# Drill press mortise



## Nomes (Mar 21, 2009)

I went to lowes and saw a mortiser that attached to a drill press for $74. It is it any good or would there be a better one or type ?


----------



## 12penny (Nov 21, 2008)

IMHO....as with everything in life, you get what you pay for. I would be inclined to pass on that one and spend a little more for something that will last longer, operate more smoothly and most importantly make clean square holes.


----------



## Nate1778 (Mar 10, 2008)

I hear the attachment works. It has two big drawbacks. One it takes a long time to set up accurately. The second is the DP levers are too short to give any sort of pressure to the bit.
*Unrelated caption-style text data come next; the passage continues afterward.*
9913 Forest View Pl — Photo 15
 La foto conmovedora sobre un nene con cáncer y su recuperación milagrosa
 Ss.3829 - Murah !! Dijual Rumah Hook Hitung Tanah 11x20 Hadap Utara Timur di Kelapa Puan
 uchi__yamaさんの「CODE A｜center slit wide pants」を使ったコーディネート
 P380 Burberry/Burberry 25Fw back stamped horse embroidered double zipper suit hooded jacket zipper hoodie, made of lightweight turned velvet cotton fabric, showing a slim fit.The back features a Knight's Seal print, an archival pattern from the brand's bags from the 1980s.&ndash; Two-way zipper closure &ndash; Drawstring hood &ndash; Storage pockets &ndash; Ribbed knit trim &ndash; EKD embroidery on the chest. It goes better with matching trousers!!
That is why the mortiser has such a long lever. It does take some pressure to get that bit to plunge.


----------



## 12penny (Nov 21, 2008)

Nate1778 said:


> I hear the attachment works. It has two big drawbacks. One it takes a long time to set up accurately. The second is the DP levers are too short to give any sort of pressure to the bit. That is why the mortiser has such a long lever. It does take some pressure to get that bit to plunge.


Nate...I'm using a Delta mortise attachment on a Delta DP and have no problems. I do a lot of mission furniture and it cuts mortises with ease in white oak. The key is to keep bits and chisels extremely sharp. Bits and chisels should do the work not the drill press. As for setup, with a little experience it can be setup in a matter of minutes. For another $15 I would buy the delta. IMHO


----------



## Nate1778 (Mar 10, 2008)

I stand corrected, when I was looking into buying one that is what I had heard, and what I based my opinion on. You have owned one though and I enjoy your assessment. With as little as I use my dedicated mortiser a drill press attachment may have been the way to go.


----------



## firefighteremt153 (Jan 25, 2008)

I think for a little bit more $$ you couold find a good used Delta mortiser and eliminate future headaches. I bought my Delta used on CL for 125.00 I think?


----------



## mmtools (Aug 21, 2008)

Nate1778 said:


> I hear the attachment works. It has two big drawbacks. One it takes a long time to set up accurately. The second is the DP levers are too short to give any sort of pressure to the bit. That is why the mortiser has such a long lever. It does take some pressure to get that bit to plunge.


 I agree.. The attachment is too cumbersome and inaccurate. Go with a mortise machine!!


----------